= Beginning of Section =

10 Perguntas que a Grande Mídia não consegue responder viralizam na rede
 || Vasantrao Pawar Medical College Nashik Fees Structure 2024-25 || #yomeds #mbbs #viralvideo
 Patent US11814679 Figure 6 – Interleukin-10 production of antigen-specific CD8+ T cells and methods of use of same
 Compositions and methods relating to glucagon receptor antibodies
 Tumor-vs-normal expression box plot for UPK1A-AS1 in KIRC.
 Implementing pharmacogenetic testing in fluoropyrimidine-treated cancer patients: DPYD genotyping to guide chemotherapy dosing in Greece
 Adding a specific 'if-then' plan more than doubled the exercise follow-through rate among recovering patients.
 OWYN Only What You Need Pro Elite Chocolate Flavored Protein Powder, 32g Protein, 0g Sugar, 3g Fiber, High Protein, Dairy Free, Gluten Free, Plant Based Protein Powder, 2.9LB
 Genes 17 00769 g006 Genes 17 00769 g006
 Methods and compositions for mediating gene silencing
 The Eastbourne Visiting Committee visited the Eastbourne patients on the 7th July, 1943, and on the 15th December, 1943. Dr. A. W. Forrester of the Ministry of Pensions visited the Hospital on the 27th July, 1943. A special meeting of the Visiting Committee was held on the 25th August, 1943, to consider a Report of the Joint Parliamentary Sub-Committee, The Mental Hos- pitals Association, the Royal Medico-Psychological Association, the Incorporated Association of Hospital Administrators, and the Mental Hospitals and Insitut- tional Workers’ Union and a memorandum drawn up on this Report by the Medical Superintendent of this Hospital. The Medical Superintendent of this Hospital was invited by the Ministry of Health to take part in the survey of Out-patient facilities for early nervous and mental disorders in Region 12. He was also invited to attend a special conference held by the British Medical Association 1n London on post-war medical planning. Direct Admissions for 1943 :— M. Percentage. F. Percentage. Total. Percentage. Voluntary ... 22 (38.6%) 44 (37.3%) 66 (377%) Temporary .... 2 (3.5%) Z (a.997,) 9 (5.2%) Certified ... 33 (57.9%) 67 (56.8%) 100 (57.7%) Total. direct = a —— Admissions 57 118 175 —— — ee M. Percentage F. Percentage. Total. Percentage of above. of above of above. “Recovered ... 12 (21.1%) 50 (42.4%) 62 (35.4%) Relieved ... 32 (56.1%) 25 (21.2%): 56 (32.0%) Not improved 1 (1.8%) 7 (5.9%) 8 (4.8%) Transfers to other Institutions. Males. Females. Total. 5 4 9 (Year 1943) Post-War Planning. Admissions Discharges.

= End of Section =

> _Exercise directions_
From the material above, retype precisely the lines between the line holding "Adding a specific" and the line holding "OWYN Only What", inclusive, and nothing beyond them.

> _Solution below_
 Adding a specific 'if-then' plan more than doubled the exercise follow-through rate among recovering patients.
 OWYN Only What You Need Pro Elite Chocolate Flavored Protein Powder, 32g Protein, 0g Sugar, 3g Fiber, High Protein, Dairy Free, Gluten Free, Plant Based Protein Powder, 2.9LB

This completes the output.